Flood, a light made of lightbulbs and cables in water by Michael Cross and Julie Mathias


Made together with Julie Mathias whilst at the RCA Flood is a light made of lightbulbs and a big mass of cables submerged in water. It's enticing, it's frightening and it gets great reactions from people who see it. I learned an enormous amount from it and best of all it's the project that got me through those difficult first few years after college. Even so, I have mixed feelings about it.

When we first started the project we just had this image of a lightbulb floating in water, we thought it would look naughty and it was a bit taboo so we looked for a way of making it. It was only afterwards that we discovered all the beautiful reflections inside the bulbs, how attractive it was and the strange tension that always existed around it. The atmosphere it generates is what I still like about it, the thing I don't like is the way it fitted so easily into the world of Designer lights, a world which I really don't want to be part of. In the beginning I saw Flood as a kind of anti-light, I thought it was a middle finger raised at all those perfectly detailed lamps that people get so precious about, but really what happened was that it was immediately absorbed into the canon of Designer lamps.

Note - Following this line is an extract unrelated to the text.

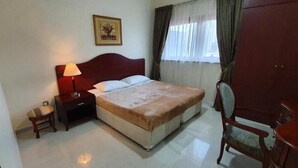 A hotel room with a bed, a nightstand with a lamp, a chair, and a wardrobe. - Ivory Hotel Apartment (Abu Dhabi)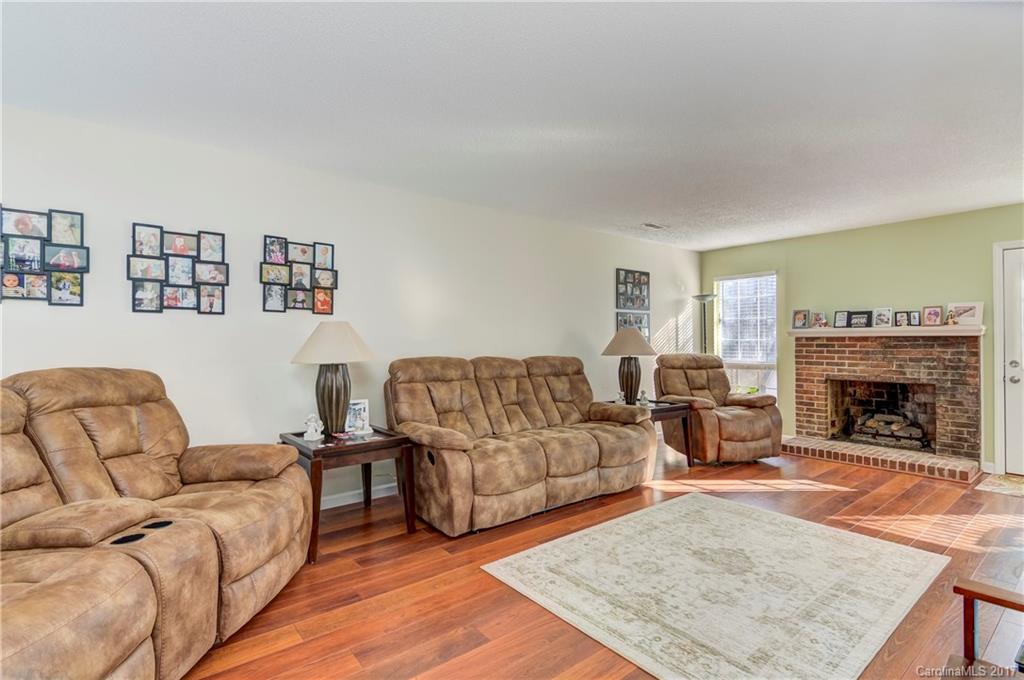 2206 Killarney Place Charlotte, NC 28262 - Photo 4 of 23 a living room with furniture and a fireplace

I've left this kind of work behind now, but I'm still proud of it and I hold it in some affection because everything else I've done is built on it. Flood brought me amazing opportunities and contacts that I call on to this day. Without flood there would be no Bridge. It was a crucial part of my learning process and it helped me figure out what I don't want to be as well as what I do.

Image of Flood, a light made of lightbulbs and cables in water
Image of Flood, a light made of lightbulbs and cables in water

Of the many installations we did of Flood this is my favourite, it was at MOCA in Taipei. Their building used to be a school and they still had a some of old children's desks and chairs in a store-room so I dragged them out and made a class room gone wild. It embodied the playfulness of the project really well, and the rebellious spirit in which it was made (if not received).